X-Men was a cool kid's book in my heyday, so what better reason to avoid it? I wasn't a cool kid. Still, my cousins liked the X-Men and their peer pressure powers were quite overwhelming. I gave in with this issue because I saw Captain America on the cover. I was already developing a fondness for Cap (I heard he had a movie in the works so I thought I'd be preemptively cool by liking him before anyone else; oy), so I justified this as a Captain America purchase.
You want to talk back story? How about subplots? A cast of thousands? Oh boy, that's Chris Claremont's X-Men and those writers who followed him on the series kept up the same intensity of long-running (sometimes abandoned) plots and soap operas. Still, this issue is pretty easy to follow for a novice: Wolverine, Jubilee & Psylocke are the X-Men (the X-Men were broken into 3-4 different casts at the time, so your featured players varied issue-to-issue); they meet Wolverine's old friend the Black Widow while battling some bad guys; this prompts flashbacks to World War II when Wolverine and Captain America saved the young Black Widow from the Hand ninja cult. Oh, and a new group of villains are waiting in the wings. There's so much in these 22 pages!

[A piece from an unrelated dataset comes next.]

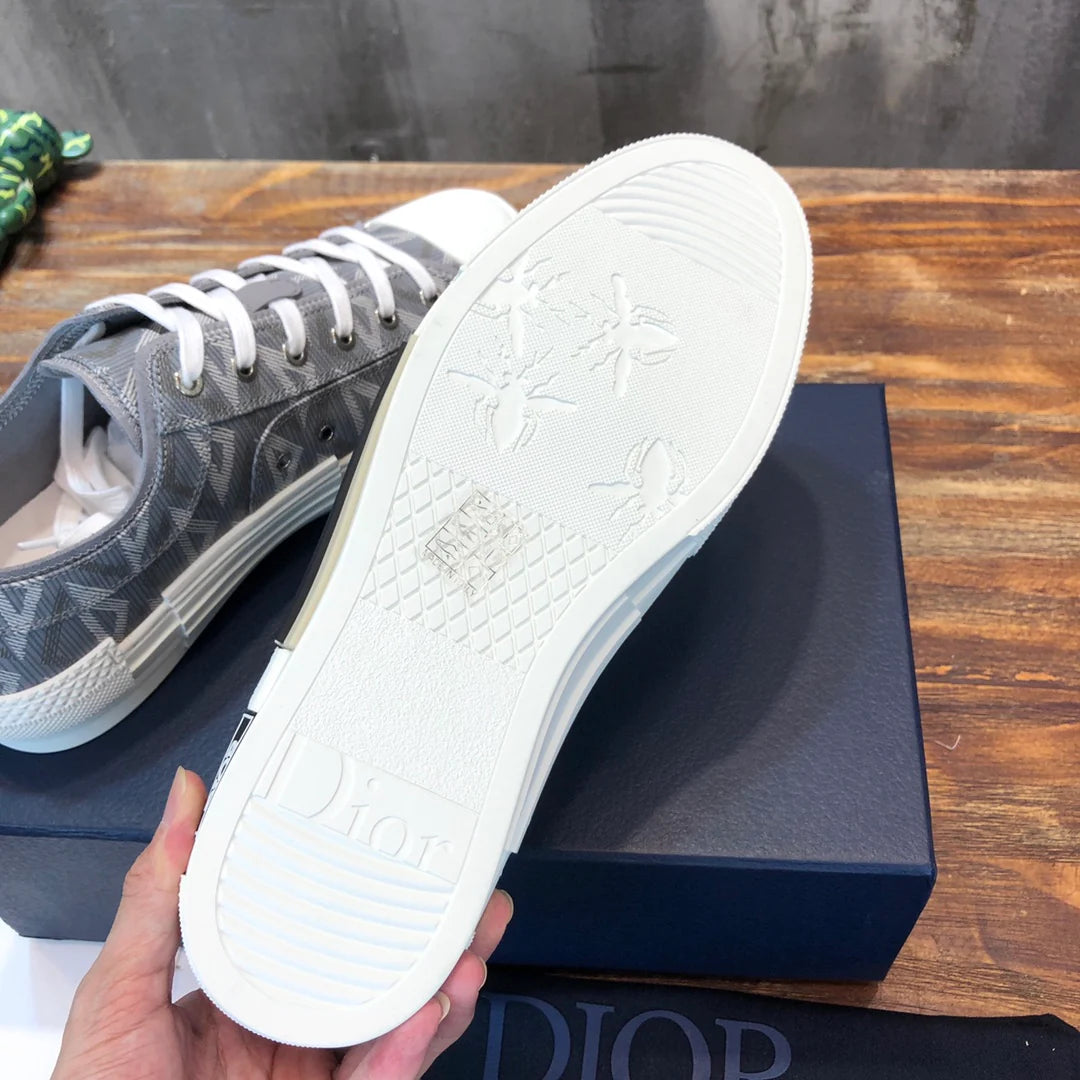 DIOR SNEAKER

As a novice X-Men fan, it was easy for me to assume ignorance of all of this; in fact, there's ton of subtle continuity going on in this issue which would be lost on many in today's readership (ie, Ivan Petrovitch appearing). But the subtle touches don't matter - they're there to please Claremont, most likely; they're simply garnishing the story at hand (pun?) and the story itself is simple to follow; larger-than-life characters enjoy larger-than-life adventures and they don't skimp on the snappy banter. I'd found my gateway into the X-Men and, outside of the 2 years I spent not buying comics, some aspect of the X-Men have been in my collecting ever since.
It's strange for me to see this story alluded to now as some sort of "classic." Am I that old? Seriously, there are multiple homages to this cover? Just because Jim Lee drew it, or...? It's the issue of X-Men where Jim Lee drew Captain America; it stood out then, it stands out even now.
Well, the twenty years between Uncanny X-Men#268 and Usagi Yojimbo#126 are a bit of a blur. I've collected many, many titles since then, but so far as I can recall, in each instance I either began with issue #1, caught up on what I'd missed through trade paperbacks or a friend's collection or I had come aboard with a jumping-on point which was about as good as a #1.
For some time, my friend Texcap had been urging me to read Usagi Yojimbo. I wasn't unfamiliar with Usagi, having read a couple of issues from the 80s, but I was hesitant to start reading it now. Even though Texcap assured me I could begin reading Usagi with any issue, I was reluctant. When I met Usagi's writer/artist/letterer Stan Sakai at a convention, I told him I would wait to start reading Usagi after his earliest stories were collected in the giant-sized (ultimately long-delayed) Special Edition. "Oh," Sakai remarked, "you're one of those."
Why was it so easy for me to jump into the midst of tangled continuity-heavy late 80s super hero books as a young teen, but difficult for the adult me to sample a self-contained series? It was basically fear of the unknown, but why did I think I wouldn't enjoy Usagi Yojimbo unless I began with issue #1? Was it simply an excuse to keep me from trying a comic book? Even if it were a very good comic book? If Usagi were cancelled tomorrow, ending Sakai's 20+ year one-man creative expression, how would I feel about that? Wasn't I already giving chances to plenty of brand-new untested talent at Marvel, DC, Image, etc?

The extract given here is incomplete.